Spent the day reading comics while wrangling a very active 9 month old. First, Bodyworld by Dash Shaw, then Sprott 1894-1975 by Seth.
Bodyworld, like some of Shaw’s work put me off a little at first:a bit garishly drawn, sometimes overtly unappealing drawings, a lot of unnecessary-looking artificiality, and just flipping through its pages, it looks rather self-indulgent. But I always underestimate Dash’s intelligence. (Wait- that’s not right. I never underestimate his intelligence, I stupidly underestimate his intentions.) Like his smaller works for Mome, and Bottomless Belly Button, this book follows characters through clear and powerful dramatic trajectories. Features one of the best horrible main characters I’ve read in ages, and not self-indulgent but smartly exploding themes of interconnectedness and isolation, with vivid crazy imagery and an approach to mark making that is wholly unique and will probably spark a trend: vibrant color, expressive wet media supporting and overpowering (where necessary) standard and simple cartoon lines and colors. Brendan Burford called it “revolutionary” when he recommended I get my act in gear and read it. He was right. It’s making me rethink what comics is about. (Oh yeah, and it’s FUNNY.)

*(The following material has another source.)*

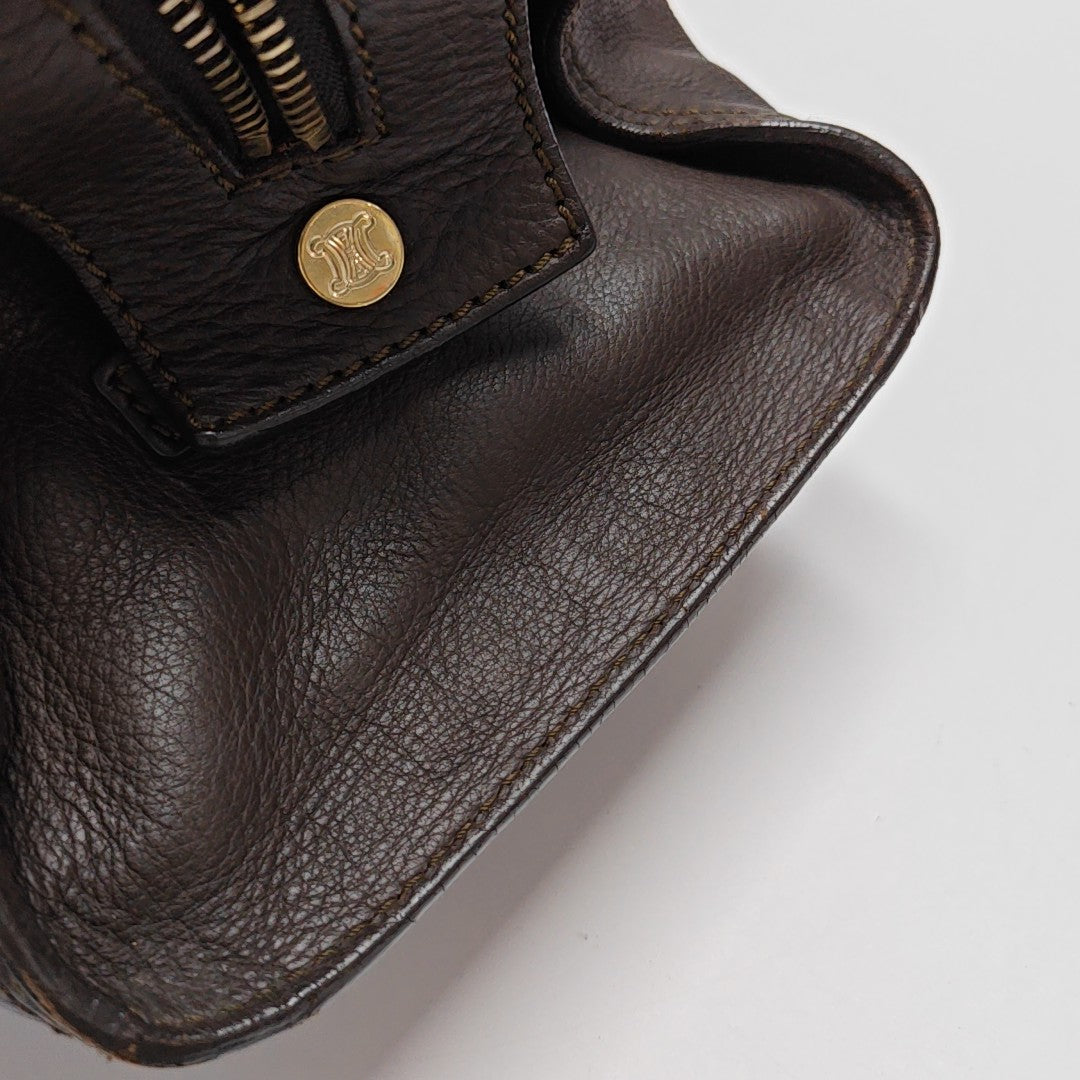Calfskin Top Handle Bag Brown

Seth’s Sprott is a series I wasn’t hugely fond of when it ran in the NY Times. I read it very closely a number of times, and my issue with it was that it felt like a narrative, a trajectory but it really wasn’t. It was merely a series of undramatic and (to my mind) uninteresting events and characters. Seth smartly retooled Sprott for the print edition to add a few more events, creating an emotional center that wasn’t in the initial reading. These new additional scenes are in a larger format, and are created in a softer media. Add to that giant double page drawings of simple landscapes: icebergs, snow, cityscapes, and photos of models of a lost city and more importantly, small meditations on the theme of passing between two worlds, and the book gels and becomes what I think Seth was shooting for all along: an elegy for a type of guy, a type of career, a type of culture.